● **Instructions for the task**:
Once the line with "Treková dámská obuv Scarpa - 5" is found in the entries below, repeat it and each following line exactly, up to and including the line with "undefined VW Passat fra 2011". Add no other lines.

Stored entries:
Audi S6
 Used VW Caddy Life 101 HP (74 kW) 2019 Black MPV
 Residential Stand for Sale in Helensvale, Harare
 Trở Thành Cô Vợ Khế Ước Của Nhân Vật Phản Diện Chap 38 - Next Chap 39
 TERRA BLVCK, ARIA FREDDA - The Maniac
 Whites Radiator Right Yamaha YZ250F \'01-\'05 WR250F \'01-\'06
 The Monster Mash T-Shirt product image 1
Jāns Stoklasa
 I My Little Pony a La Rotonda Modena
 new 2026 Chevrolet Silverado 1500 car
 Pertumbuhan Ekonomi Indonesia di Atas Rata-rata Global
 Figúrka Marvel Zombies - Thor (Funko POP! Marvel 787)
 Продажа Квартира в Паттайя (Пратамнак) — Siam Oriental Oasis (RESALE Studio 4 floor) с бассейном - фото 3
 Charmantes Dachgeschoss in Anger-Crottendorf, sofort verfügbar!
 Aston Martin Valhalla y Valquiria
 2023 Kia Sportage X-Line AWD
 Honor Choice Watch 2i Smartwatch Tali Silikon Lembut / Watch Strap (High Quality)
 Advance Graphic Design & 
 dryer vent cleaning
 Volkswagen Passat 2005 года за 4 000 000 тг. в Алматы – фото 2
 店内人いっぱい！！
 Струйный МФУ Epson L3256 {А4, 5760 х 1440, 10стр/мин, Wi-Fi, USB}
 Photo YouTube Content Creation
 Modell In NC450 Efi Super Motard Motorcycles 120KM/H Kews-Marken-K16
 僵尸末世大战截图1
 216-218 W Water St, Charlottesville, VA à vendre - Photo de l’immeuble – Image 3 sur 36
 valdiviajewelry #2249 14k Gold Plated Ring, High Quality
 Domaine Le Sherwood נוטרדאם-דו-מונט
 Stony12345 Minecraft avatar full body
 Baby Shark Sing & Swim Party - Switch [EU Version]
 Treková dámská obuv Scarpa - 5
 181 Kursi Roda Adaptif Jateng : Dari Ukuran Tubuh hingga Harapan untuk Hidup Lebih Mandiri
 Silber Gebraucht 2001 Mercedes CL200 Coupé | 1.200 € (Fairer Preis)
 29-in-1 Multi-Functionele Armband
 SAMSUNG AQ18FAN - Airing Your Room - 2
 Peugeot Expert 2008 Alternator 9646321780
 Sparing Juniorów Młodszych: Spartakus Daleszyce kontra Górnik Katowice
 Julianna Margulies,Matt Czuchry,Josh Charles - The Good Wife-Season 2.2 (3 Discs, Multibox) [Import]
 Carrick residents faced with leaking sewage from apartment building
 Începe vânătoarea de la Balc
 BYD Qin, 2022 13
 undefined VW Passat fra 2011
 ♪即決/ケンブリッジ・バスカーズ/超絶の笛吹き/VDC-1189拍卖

● **Response**:
 Treková dámská obuv Scarpa - 5
 181 Kursi Roda Adaptif Jateng : Dari Ukuran Tubuh hingga Harapan untuk Hidup Lebih Mandiri
 Silber Gebraucht 2001 Mercedes CL200 Coupé | 1.200 € (Fairer Preis)
 29-in-1 Multi-Functionele Armband
 SAMSUNG AQ18FAN - Airing Your Room - 2
 Peugeot Expert 2008 Alternator 9646321780
 Sparing Juniorów Młodszych: Spartakus Daleszyce kontra Górnik Katowice
 Julianna Margulies,Matt Czuchry,Josh Charles - The Good Wife-Season 2.2 (3 Discs, Multibox) [Import]
 Carrick residents faced with leaking sewage from apartment building
 Începe vânătoarea de la Balc
 BYD Qin, 2022 13
 undefined VW Passat fra 2011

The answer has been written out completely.